Lawrence Kasdan is one of those screen legends that you kind of can’t believe is an actual human being, who you can sit down with in a cavernous room at the Los Angeles Convention Center on a sleepy Sunday afternoon to talk about the most hotly anticipated movie, maybe in the history of cinema. It turns out that Kasdan is a perfectly lovely man, who just so happens to have written Star Wars: The Empire Strikes Back, Raiders of the Lost Ark, and the movie we were there to talk about: Star Wars: The Force Awakens. (He is also writing the Han Solo-centered prequel film, to be directed by The Lego Movie team of Phil Lord and Chris Miller.) Not once did he interrupt our conversation and say, “You know I wrote and directed The Accidental Tourist?” Not once.

 

It’s amazing Kasdan returned to the franchise, especially considering George Lucas only drafted him for The Empire Strikes Back after the original writer died during pre-production. (Kasdan contributed all of the memorable moments we still talk about today; that first draft is something of an infamous unused relic.) But when Kathleen Kennedy was assembling a creative collective for upcoming Star Wars films, after their acquisition by Disney, Kasdan was an obvious go-to choice; both as a writer and a shepherd of the saga.

 

We got to talk to Kasdan about the initial draft of the film by Toy Story 3 writer Michael Arndt, how involved the art department was with the development of the script, and how long walks with co-writer/director J.J. Abrams eventually became Star Wars: The Force Awakens.

 

At the YouTube Space event the other night, J.J. described these long walks that you two would go on, where you’d just talk about the story. How does it go from that to a script?

He was recording everything on a cell phone and we would have it transcribed, by [co-producer and Abrams’ former assistant] Michelle Rejwan. She was transcribing it because no one was allowed to see what was being done. And Michelle has been integral to this whole process—she’s an incredible woman with a brilliant mind about these things. She’s the real go-to person. So she was transcribing them and we were remembering and talking about it. Eventually, we had to go to an office and work on it.

 

Abrams has stated that the art department was involved while you were writing. Was that a fun process?

It is. Rick Carter [one of the film’s two production designers] is old school. He’s done a lot of Steven [Spielberg]’s movies and he’s a man of the ‘60s, so he identified with me. He’s full of the spirit of the Force, even though he’s never worked on a Star Wars movie before. But he’s that sort of hippie, Zen master. He was full of wonderful ideas. They were turning out paintings by the dozens while we were just getting started. Anything you’d tell them, they’d turn back 50 drawings. It’s great. It would sometimes influence us. But it was great when we’d go, “We actually are going to do something like this,” and they would come up with stuff actually directed at something.

 

You were a part of the original trilogy. So what was it like bringing these characters and this world to a new generation?

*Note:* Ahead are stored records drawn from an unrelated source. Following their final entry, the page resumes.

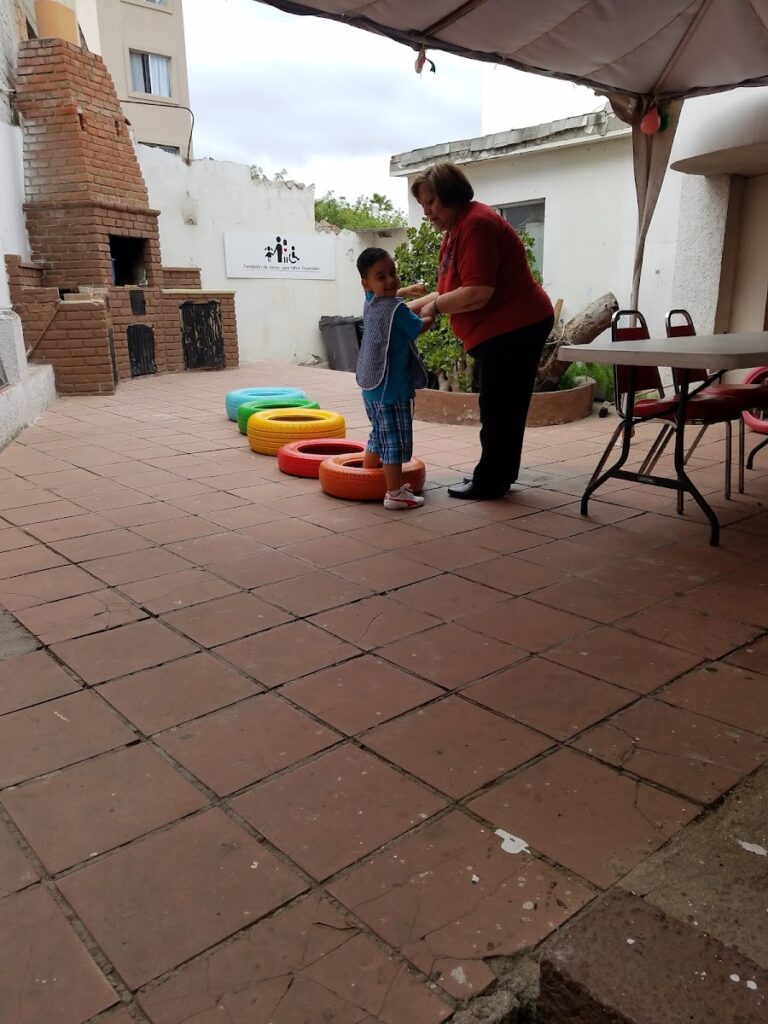 Foto de FANE Fundación de Apoyo para Niños Especiales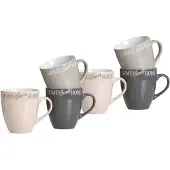 Ritzenhoff & Breker SWEET HOME" koffiemok, 0,36 l, Kopje
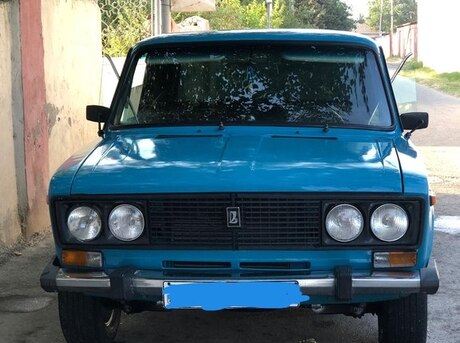 LADA (VAZ) 2106 1991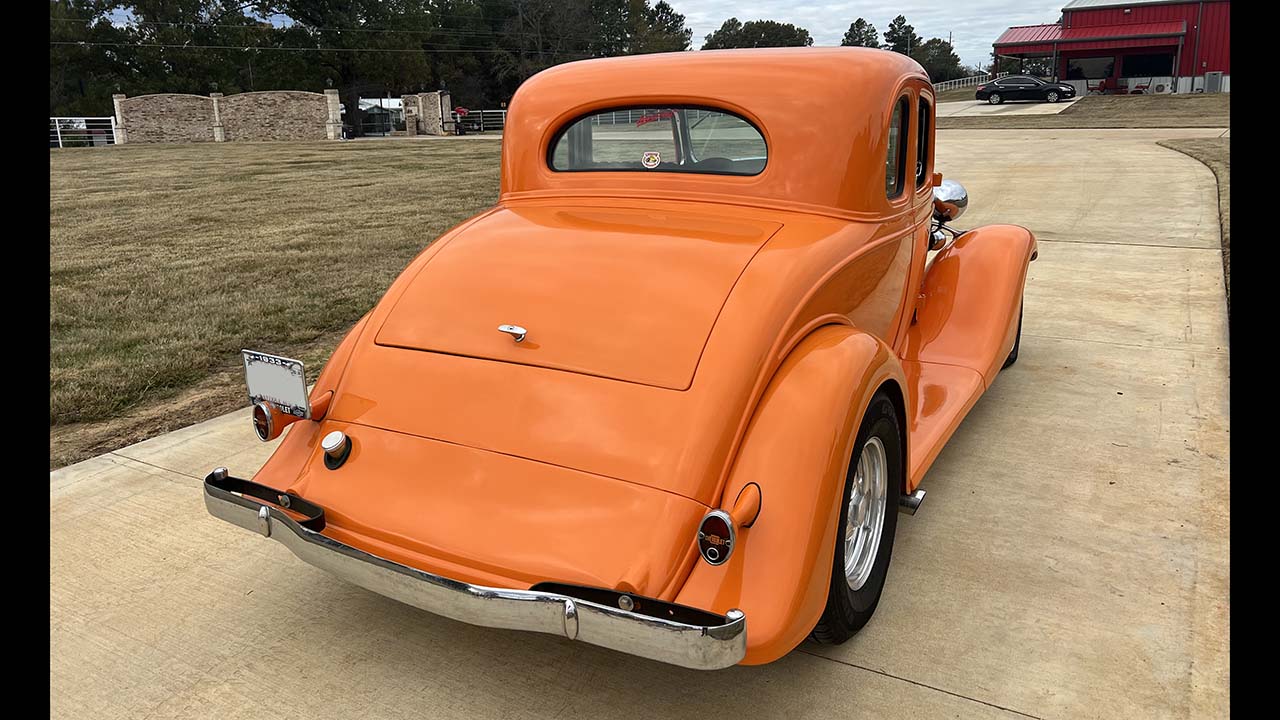 4th Image of a 1933 CHEVROLET MASTER EAGLE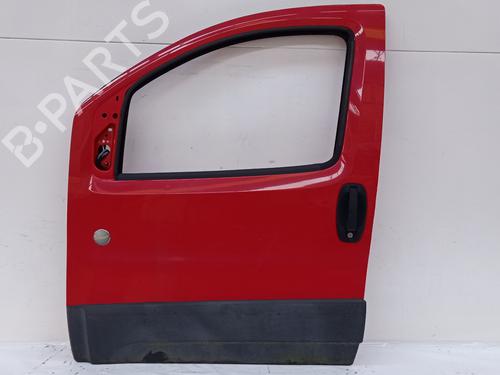 Used Left front door PEUGEOT BIPPER (AA_) [2008-2025]  23946287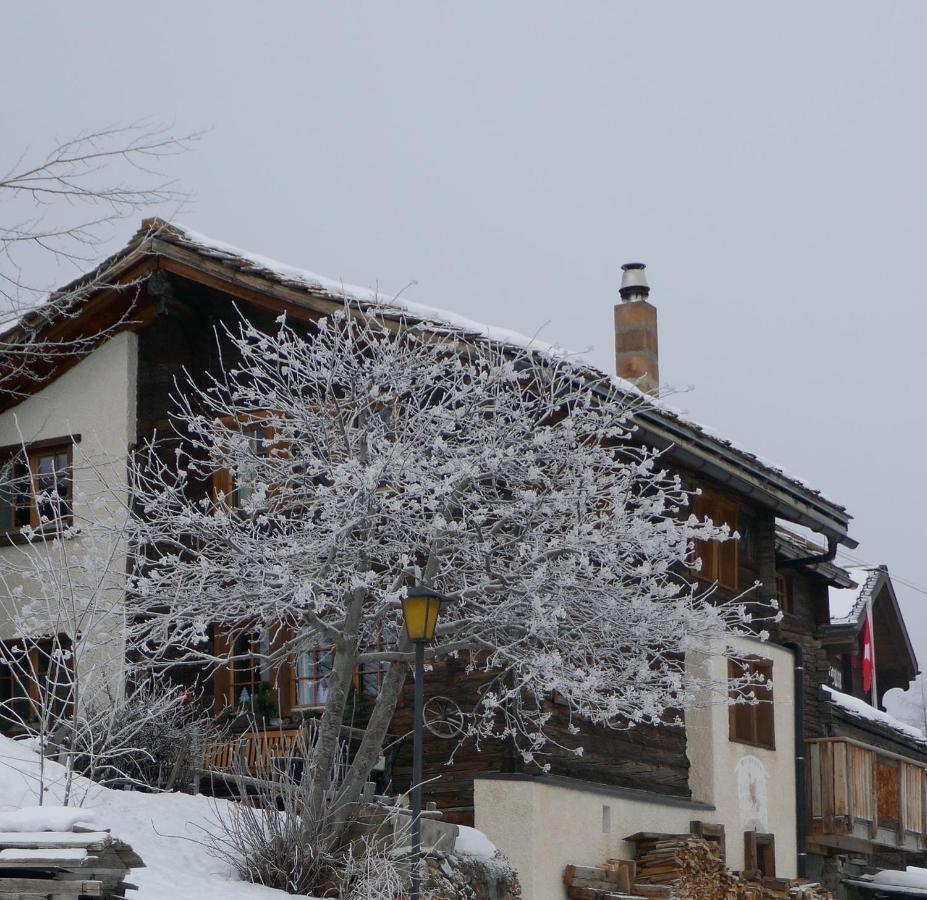 סאס פה Chalet Birkhahn מראה חיצוני תמונה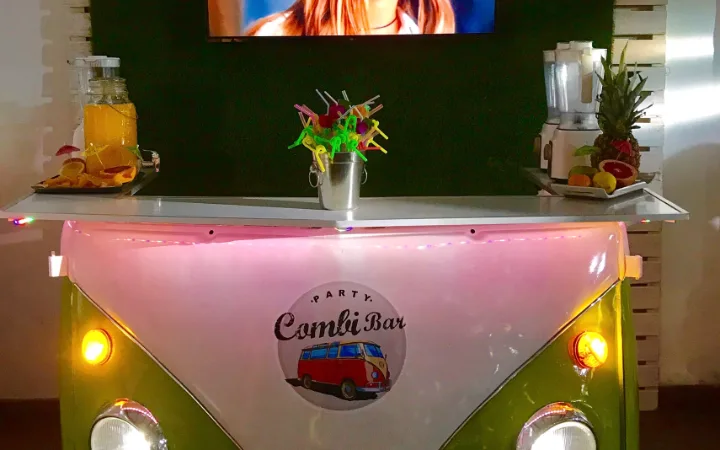 PARTY COMBI BAR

The saga is very accepting. It accepted me early on and it accepted J.J. early on because it gives you what you give it. He absolutely adored the first movie and it changed his life. He loves the first trilogy and we felt exactly the same. When I first met J.J. and Kathy and I were there to talk to him about it, the things he said that he thought it should be were the same things we were struggling with, which is the physicality to it—the lack of dependence on CG, you need sets, you need puppets, you need props. Those were the things that gave the first trilogy its charm.

 

You’re co-writing the Han Solo movie with your son. Is that it for you?

Yes, that’s it for me.

 

Will you consult?

Oh yes. We just turned in the second draft, people are very excited, and Chris [Miller] and Phil [Lord] are amazing. They’re from another planet. They’re going to start shooting in a year. Between now and then, that thing is going to change a lot. But I’ll be there to help if I can. They have to take over. I have to get back to directing.

 

Star Wars: The Force Awakens opens in a galaxy near you on December 18.